Page 111 - Journal of Library Science in China, Vol.45, 2019
P. 111
110 Journal of Library Science in China, Vol.11, 2019
2.2 Comparative analysis of user interest preferences
From descriptive statistics and correlation analysis above, it is known that user platform
preferences of each discipline and journal are quite different. So, what are the similarities and
differences about their user interest preferences? In the following part, user interest preferences are
explored at the indicator level and content level.
(1) User interest preferences comparison (indicator level)
In previous researches, top 10 (Zhao, 2017), top 20 (X.W. Wang et al., 2013) or top 20% (Chen,
2018) of most downloaded articles in a journal or a discipline in a month or year are selected as
samples. Also, top 100, top 1000, top 5%, top 10% or top 20% of most frequently entities, such
as authors, institutions, keywords, etc., are selected as samples in scientometrics research. In this
study, in terms of Pareto principle (or 80/20 rule), top 20% papers ranked by CNKI downloads and
website downloads in each journal are selected as samples to measure user interests by Jaccard
similarity coefficient. Jaccard similarity coefficient measures similarity between finite sample sets,
and is defined as the size of the intersection divided by the size of the union of the sample sets.

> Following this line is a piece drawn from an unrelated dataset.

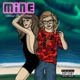 Mine Single
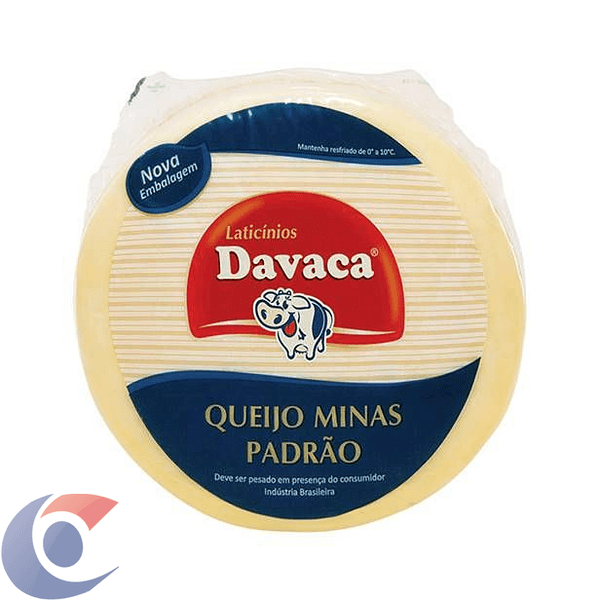QJO-MINAS-PADRAO-DAVACA-KG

In Table 5, Jaccard similarity of 15/61 journals is equal to or higher than 0.3, which means that
there are more than 50% intersection between top 20% papers ranked by CNKI downloads and
website downloads in each journal. Jaccard similarity of 9/61 journals is equal to or higher than
0.25 and less than 0.3, which means that there are 40%-50% intersection between top 20% papers
ranked by CNKI downloads and website downloads in each journal. Jaccard similarity of other
journals is less than 0.25, which means that there are less than 40% intersection between top 20%
papers ranked by CNKI downloads and website downloads in each journal. In summary, there are
significant differences in user interest preferences between journal official websites and CNKI
platform.
(2) User interest preferences comparison (content level)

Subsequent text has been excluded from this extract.